Although there are many inefficiencies left in VP8, and to a lesser extent H.264, when dealing with very large images. One is that the same texture can be repeated in different areas of the same image, but prediction only happens from neighboring pixels, so it can't reuse the same texture in compression.
Some solutions are in the JVTVC/H.265 proposals and are usually called "extended texture prediction".
I note that WinZip 14 does decode JPGs and reencode them smaller, but without further loss of quality:
"The main trick those three programs use is (partially) decode the image back to the DCT coefficients and recompress them with a much better algorithm then default Huffman coding." - http://www.maximumcompression.com/data/jpg.php
Most lossy image compression systems use a transform that does not reduce the data size but makes transformed data that is more compressible. This means the final layer of compression is a traditional compressor. These, like the transforms themselves get improved upon over time.

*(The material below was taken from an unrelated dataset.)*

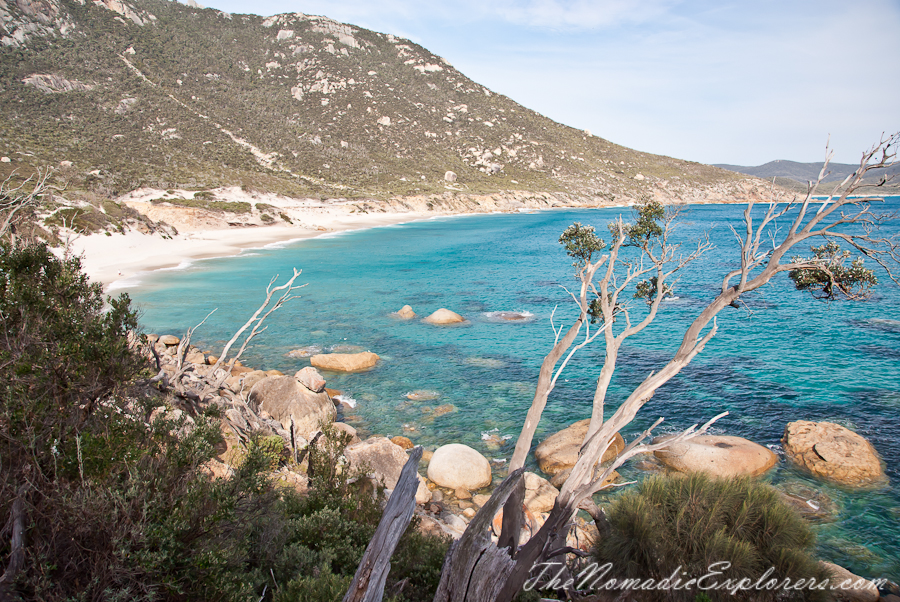 Australia, Victoria, Gippsland, Wilsons Prom Overnight Hike: from Tidal River to Oberon Bay and back, ,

JPEG is old.
When I did some experiments with various compression techniques, I found that DCT with a LZMA base compared quite well to newer compression systems.
If you take jpegs from old cameras and recompress them into jpeg, you can get a remarkable reduction in storage. ... But I can't tell whether they even used such a "recompression to jpeg" control case in coming up with the 39% figure.
Gah! No alpha? Count me out. The web NEEDS alpha channels. I can't count the number of hacks I've seen to get around the lack of an alpha channel in preferred-format-X.
I've seen the 'no alpha' repeated a few times, but can you give your use cases for alpha in jpeg? I understand the need for alpha channels in gif/png, and have fought the lack of alpha support for years, but for jpg's I don't remember ever needing it, nor can I easily imagine a situation where it would be needed. So I'm interested to learn about where you'd use transparency in jpgs.
why not? I mean, why should I be forced to use a lossyless image format just because I want it to blend with the background (if the image compresses better with jpeg and the image quality is fine)
Are there technical reasons to not implement an alpha in jpeg-like compressions?
Features shouldn't be there 'just because it's possible', at least not if they may impact other features(1). If greater compression can be reached by leaving out the alpha, and if there's no compelling reason to put it in, it should be left out. 'why not' is not a reason, there needs to be a business case for each feature, in everything.
In my experience, and this seems to be a widely held position, the main use case for jpgs is in pictures, as in photographs. The main use case for png (gif) is for graphical elements: borders, menus, etc. Those last ones you want to compress with a lossless format anyway - you need to be sure that a flat menu background is not dithered or doesn't have other artifacts. I understand the question mostly as 'do you need transparency in photographs' and 'do you need non-rectangular photographs where the non-rectangular nature is encoded in the photograph itself, and not part of another rendering in stage in the presentation layer'.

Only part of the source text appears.